Le gouvernement a agité le chiffon rouge devant les syndicats d’enseignants en lançant le projet de faire évaluer les professeurs uniquement par le chef d’établissement, cette évaluation débouchant sur l’évolution de carrière. Il présente ce projet comme la suite logique de ce qui a été mis en place dans le reste de la fonction publique.
En lançant ce projet six mois avant les élections, le gouvernement fait tout pour perdre les voix des professeurs qui votent) droite (il y en a !). Mais surtout, il fait tout pour faire échouer une réforme qui peut avoir son intérêt, mais pour laquelle les conditions minimum de réussite ne sont absolument pas réunies.
Tout à l’idée qu’il faut remplacer le critère de l’ancienneté par celui de la performance, le gouvernement ne pose pas les questions de fond qu’il y a derrière cette réforme :
- qu’attend-on d’un enseignant ?
- l’ensemble des enseignants d’un établissement doit-il une addition de spécialistes de leur matière ou une collectivité éducative ?
- que recouvre ce dernier terme exactement ?
- les chefs d’établissement sont-ils recrutés et formés pour être capables de diriger une telle communauté et évaluer ses membres ?
- comment faire pour que les professeurs sélectionnés vers 23 ans soient toujours compétents et motivés 20 ou 30 ans plus tard ?
- …
Dans l’enseignement privé, les enseignants sont recrutés par les chefs d’établissements : cela ne semble pas provoquer de problèmes insurmontables, et cela contribue à un fonctionnement collectif d’établissement.
Dans l’enseignement public, les enseignants répugnent à abandonner ce qui fait qu’ils arrivent à être motivés, c’est-à-dire leur autonomie quasi-totale, au bénéfice d’un fonctionnement collectif aléatoire.
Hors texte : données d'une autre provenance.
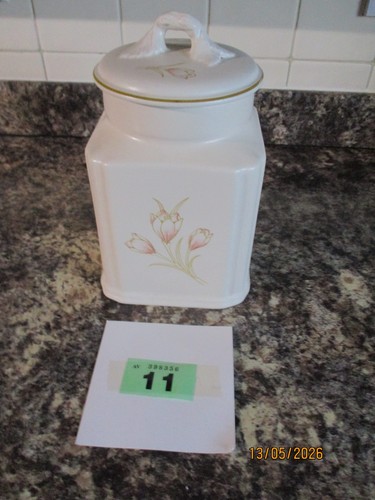 Vintage biltons spring bouquet - vintage,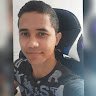 Profile image for Marcos Daniel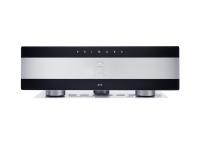 Усилитель мощности Primare A60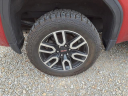 Thumbnail image of 2021 GMC Sierra 1500 at Mountaineer Honda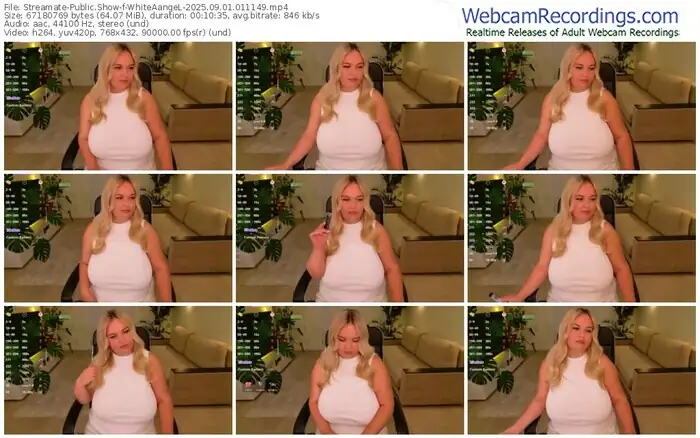 streamate-whiteaangel-09-01-2025-01-11-49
Seule exception, les collèges en milieu difficile, où la solidarité enseignante est une question de survie, encore que tous ne jouent pas le jeu, loin de là.
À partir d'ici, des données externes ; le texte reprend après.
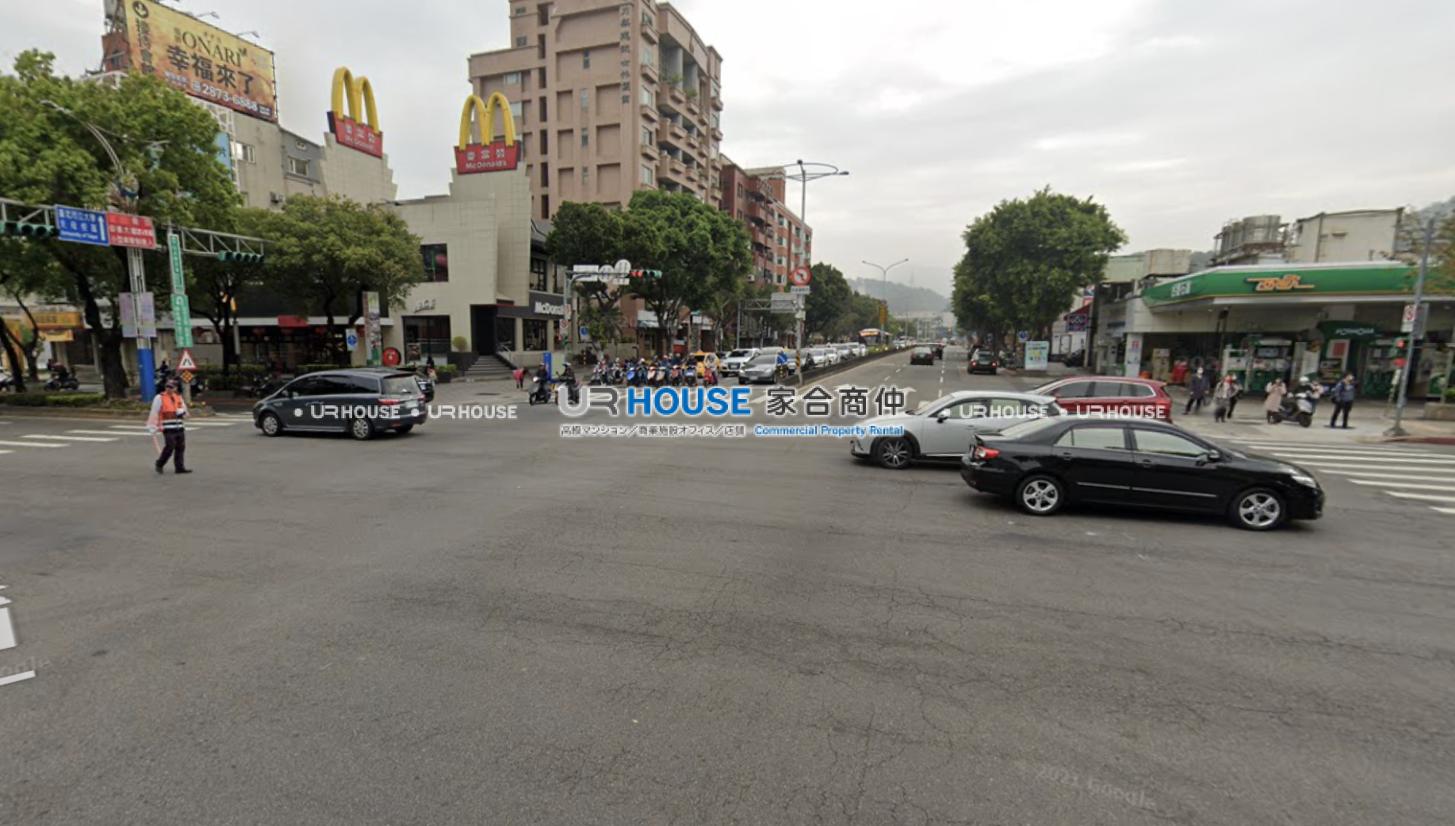 截圖 2026-03-24 下午3.26.23.png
Au plus haut niveau, c’est-à-dire celui des inspecteurs généraux qui définissent le programme de leur matière, l’enseignement est presque toujours (il y a d’heureuses exceptions) pensé de manière cloisonné entre les matières. Dans ces conditions, il n’est pas étonnant que, même avec la bonne volonté qui caractérise les enseignants (et particulièrement les ^plus jeunes, ceux qui ne sont pas encore désabusés), le fonctionnement collectif au sein de l’établissement soit difficile à faire vivre ; Il faut voir comment certains ont pu dénigrer l’idée de concevoir l’enseignement autour du jeune, comme s’il s’agissait là d’abandonner toute référence à un savoir et non pas de réfléchir aux démarches pédagogiques qui permettront d’avoir les meilleurs résultats.
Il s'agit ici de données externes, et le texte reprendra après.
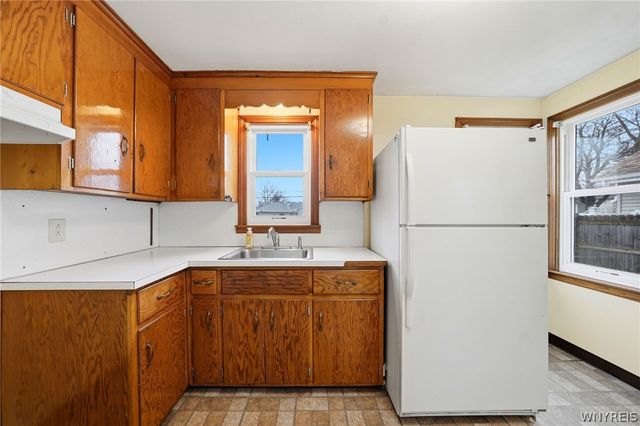 9 Clarence Harder Drive, Tonawanda, NY 14150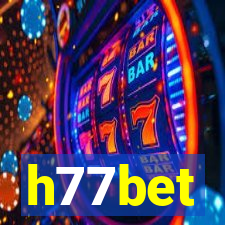 h77bet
Le métier de principal ou de proviseur n’attire guère et trop de ceux qui sont en ^poste aujourd’hui en ont une conception purement administrative (mais le système les y incite), quand ils ne sont pas tout simplement incompétents. Comment peut-on imaginer leur confier l’évaluation des enseignants ?
Pour réussir un tel exercice, il faudrait accepter de prendre 10 ans (au moins !) pour mettre en place une nouvelle génération de dirigeants, en commençant par les sélectionner sur d’autres critères et à les former à un autre rôle, en sélectionnant parmi ceux qui sont en place ceux qui déjà aujourd’hui montrent un vrai talent de management, et en ne mettant en place un nouveau modèle de relation hiérarchique et de fonctionnement collectif que dans les seuls établissements ayant à leur tête ces nouveaux dirigeants, le nouveau modèle s’étendant progressivement avec l’arrivée de nouvelles générations et la formation progressive de ceux qui parmi les anciens montrent leur envie et leur potentiel pour changer de rôle
Evidemment, une telle démarche est impossible dans notre pays accroché à la sacro-sainte notion d’égalité (en fait d’uniformité) et où toutes les élections sont l’occasion d’inventer une nouvelle réforme.